# Memory allocation in ASM

May 6, 2015

Currently I am working on a long arithmetic problem at the university. This problem is much more complicated than I described or than a task I shall be describing now, but here’s the thing: I needed some part of memory to be allocated from within my function. And I needed this to be done in assembly.

Thus, I created this piece of snippet code:

``````; void addition(int* x, int x_len, int* y, int y_len, int* &z, int* z_len);

enter 0, 0

%define p_x [ebp + 8]
%define x_len [ebp + 12]
%define p_y [ebp + 16]
%define y_len [ebp + 20]
%define p_z [ebp + 24]
%define p_z_len [ebp + 28]

; push x_len * 4 ; bytes to allocate
push 3 * 4 ; bytes to allocate
call malloc ; call malloc()
add esp, 4 ; undo push
mov edx, eax ; save returned address from malloc
mov eax, p_z
mov [eax], edx ; z = malloc(...)
mov eax, p_z_len
mov [eax], dword 3 ; *z_len = elements

; fill with sample values
mov eax, p_z
mov eax, [eax]
mov [eax], dword 4

; mov eax, p_z
mov [eax], dword 3

; mov eax, p_z
; add eax, 2 * 4
mov [eax], dword 2

leave
ret
``````

There are, however, a few really interesting things in this code:

• naming of C++ functions, generated from assembly (name mangling)
• memory allocation itself
• returning data from function via pointers… in assembly!

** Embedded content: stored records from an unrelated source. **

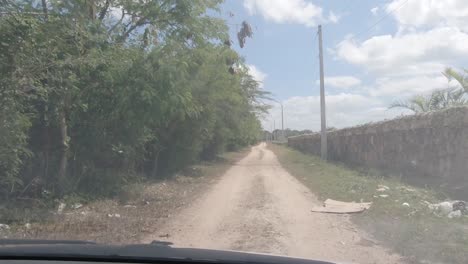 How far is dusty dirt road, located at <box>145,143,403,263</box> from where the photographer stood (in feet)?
27.0

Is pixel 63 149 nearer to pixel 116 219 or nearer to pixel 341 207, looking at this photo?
pixel 116 219

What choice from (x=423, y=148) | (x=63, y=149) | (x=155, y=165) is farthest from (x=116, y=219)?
(x=423, y=148)

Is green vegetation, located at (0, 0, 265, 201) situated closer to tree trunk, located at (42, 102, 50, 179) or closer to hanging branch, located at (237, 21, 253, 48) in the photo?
tree trunk, located at (42, 102, 50, 179)

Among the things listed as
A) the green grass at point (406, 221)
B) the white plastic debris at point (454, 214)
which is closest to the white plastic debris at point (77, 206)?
the green grass at point (406, 221)

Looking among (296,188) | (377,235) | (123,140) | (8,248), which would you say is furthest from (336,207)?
(8,248)

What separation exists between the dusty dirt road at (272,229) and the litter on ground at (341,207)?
33cm

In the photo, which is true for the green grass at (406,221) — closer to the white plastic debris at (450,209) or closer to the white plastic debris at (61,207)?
the white plastic debris at (450,209)

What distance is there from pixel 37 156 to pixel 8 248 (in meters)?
9.85

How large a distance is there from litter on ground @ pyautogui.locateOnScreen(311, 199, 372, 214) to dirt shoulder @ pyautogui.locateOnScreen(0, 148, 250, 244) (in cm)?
351

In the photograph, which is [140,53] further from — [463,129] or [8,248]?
[8,248]

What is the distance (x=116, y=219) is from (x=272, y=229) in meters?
3.38

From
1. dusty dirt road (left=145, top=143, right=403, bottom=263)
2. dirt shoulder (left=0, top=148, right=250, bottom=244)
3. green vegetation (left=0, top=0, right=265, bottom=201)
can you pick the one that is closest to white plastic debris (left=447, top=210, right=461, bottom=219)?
dusty dirt road (left=145, top=143, right=403, bottom=263)

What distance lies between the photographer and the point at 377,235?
9.38 metres

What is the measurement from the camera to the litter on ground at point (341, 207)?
12288 mm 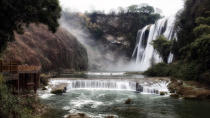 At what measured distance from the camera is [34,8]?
13.3 meters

To demonstrate how this stuff works, we need some C++ code which uses our assembly function:

``````#include <stdio.h>
#include <stdlib.h>

// our addition function for BIG integers
// arguments are as follows: number and its length; two first pairs are the operands
// and the last two arguments describe the returned big integer
// thus, the result is z = x + y
extern "C" void addition(int* x, int x_len, int* y, int y_len, int* &z, int* z_len);

// helper function to convert BIG integers to strings
char* bigint2str(int* x, int len) {
char *res = (char*) malloc((len + 1) * sizeof(char));

for (int i = 0; i < len; i++) {
res[i] = x[i] + '0';
}

res[len] = '\0';

return res;
}

int main() {
int* a = 0;
int a_len = 0;

// here we add nothing with nothing
// and storing the result in a big integer `a`
addition(0, 0, 0, 0, a, &a_len);

printf("a = %s\n", bigint2str(a, a_len));

return 0;
}
``````

Comments in the code describe those moments which are important.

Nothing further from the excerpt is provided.